What is needed here is an exact repetition of the records below, beginning at the line that has "Christmas Figures 8 Long Sleeve Satin Kimono" and stopping after the line that has "Rolex Datejust 16234".

> [Information shown]

========================================================================

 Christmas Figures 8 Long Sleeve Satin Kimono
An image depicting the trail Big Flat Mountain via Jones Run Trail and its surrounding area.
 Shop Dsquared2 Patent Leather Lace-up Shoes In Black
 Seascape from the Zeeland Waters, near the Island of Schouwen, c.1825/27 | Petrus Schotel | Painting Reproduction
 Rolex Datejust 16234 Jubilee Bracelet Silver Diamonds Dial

========================================================================

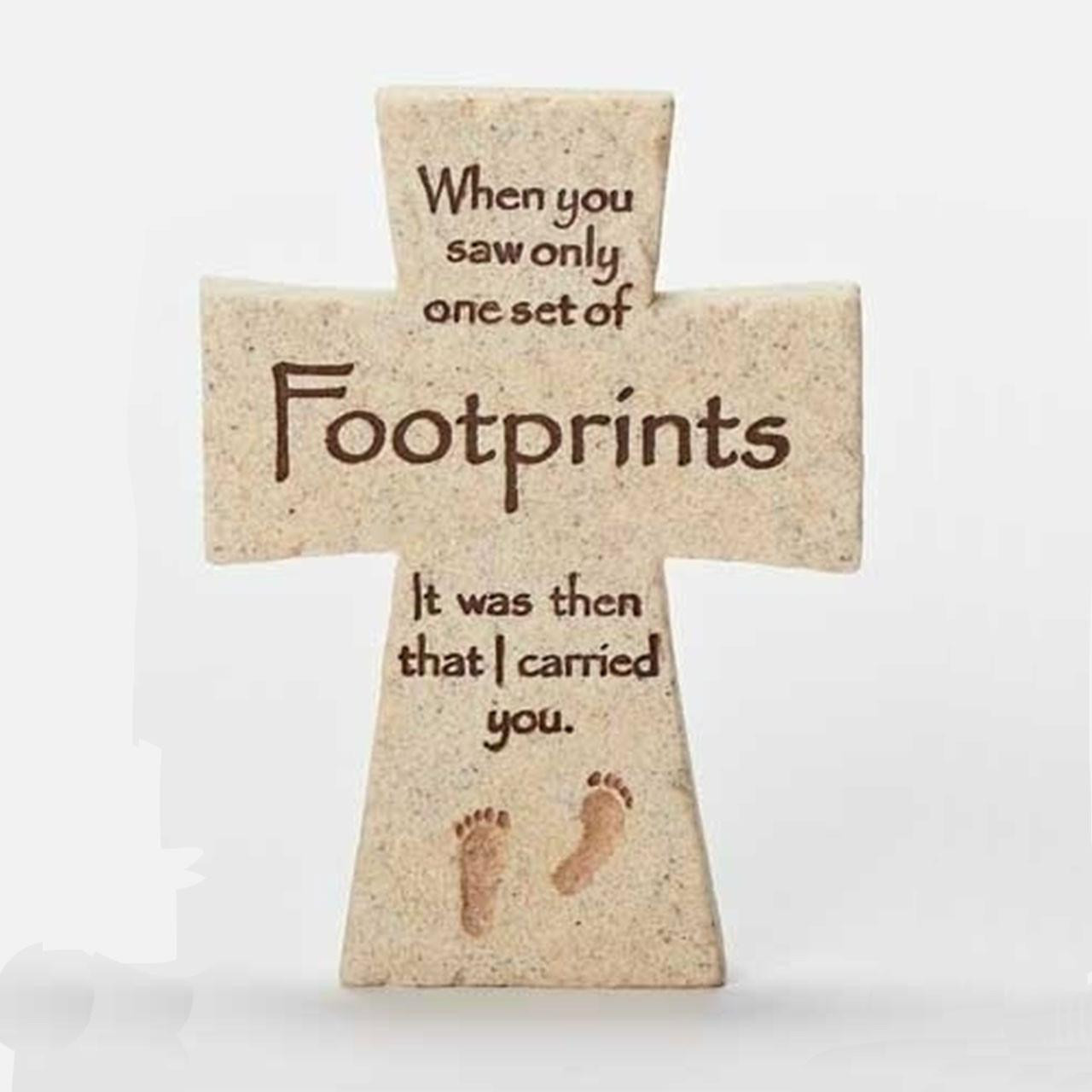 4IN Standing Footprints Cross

========================================================================

> [Completed exercise]
 Christmas Figures 8 Long Sleeve Satin Kimono
An image depicting the trail Big Flat Mountain via Jones Run Trail and its surrounding area.
 Shop Dsquared2 Patent Leather Lace-up Shoes In Black
 Seascape from the Zeeland Waters, near the Island of Schouwen, c.1825/27 | Petrus Schotel | Painting Reproduction
 Rolex Datejust 16234 Jubilee Bracelet Silver Diamonds Dial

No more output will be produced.